The young female was born at Taronga Western Plains Zoo in country NSW on Friday 14 June, 2018 at 3:07am to mother, ‘Porntip’ and Perth male, Putra Mas via artificial insemination which was conducted in late 2016.

The birth is a significant achievement and the first time Putra Mas’ genetics have been successfully represented, creating a new bloodline in the Australasian Breeding Program which aims to fight extinction of the endangered species.

Senior Elephant Keeper, Kirsty Carey, said: “Putra Mas’ genetics are very valuable, so we are delighted that after more than 14 years of hard work he now has offspring and made a valuable contribution to the regional breeding program.”

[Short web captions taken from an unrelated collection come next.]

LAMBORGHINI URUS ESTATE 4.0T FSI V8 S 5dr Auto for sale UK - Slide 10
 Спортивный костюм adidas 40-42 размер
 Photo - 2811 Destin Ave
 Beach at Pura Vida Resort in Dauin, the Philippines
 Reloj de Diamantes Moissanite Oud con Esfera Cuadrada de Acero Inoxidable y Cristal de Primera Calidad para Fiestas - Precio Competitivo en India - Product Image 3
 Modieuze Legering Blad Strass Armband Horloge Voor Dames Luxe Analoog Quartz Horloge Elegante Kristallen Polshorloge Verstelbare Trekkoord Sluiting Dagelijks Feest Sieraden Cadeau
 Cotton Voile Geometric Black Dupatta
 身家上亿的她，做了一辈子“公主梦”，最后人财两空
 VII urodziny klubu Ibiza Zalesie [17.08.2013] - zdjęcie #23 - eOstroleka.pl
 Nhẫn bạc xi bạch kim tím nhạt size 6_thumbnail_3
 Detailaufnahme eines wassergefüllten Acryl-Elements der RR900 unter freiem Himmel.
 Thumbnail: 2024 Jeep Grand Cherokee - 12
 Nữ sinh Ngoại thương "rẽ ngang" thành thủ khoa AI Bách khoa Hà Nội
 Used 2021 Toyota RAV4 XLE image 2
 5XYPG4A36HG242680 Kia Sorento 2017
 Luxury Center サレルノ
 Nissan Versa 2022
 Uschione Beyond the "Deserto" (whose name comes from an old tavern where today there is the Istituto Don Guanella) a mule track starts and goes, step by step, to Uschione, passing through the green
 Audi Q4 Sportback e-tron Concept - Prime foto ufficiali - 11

“Putra Mas’ name means ‘golden prince’ and he has certainly lived up to that name,” said Kirsty.

“The fact that this calf is a female makes the birth even more special as it heralds the beginning of a new genetic blood line for the wider Asian Elephant conservation and breeding program.”

With less than 35,000 Asian Elephants left in the wild, Perth Zoo is a proud participant in the regional program, contributing sperm from Putra Mas via artificial insemination.

It is no small feat to artificially inseminate an elephant.

“With AI, everything is timed down to the minute, it has to be precise. There has never been any success with elephant semen being frozen and thawed out, so we work very closely with the zoos around the country to pinpoint the exact time the females are ovulating, do a collection from Putra Mas and get it onto a plane to the waiting elephant,” said Kirsty.

“We often work with experts from the Berlin Institute for Zoo Biology and have refined our techniques over time which has resulted in the birth of this beautiful female calf.”

“Not only are we personally thrilled that Putra Mas now has a calf, reproduction technology is increasingly important for saving species, and that is what we are here to do – save wildlife.”

Putra Mas’ daughter joins a herd of eight other elephants at Dubbo. Mother and calf will be given further time to bond behind-the-scenes before making their public debut. Taronga Western Plains Zoo will soon be announcing a competition to help choose a name for the calf.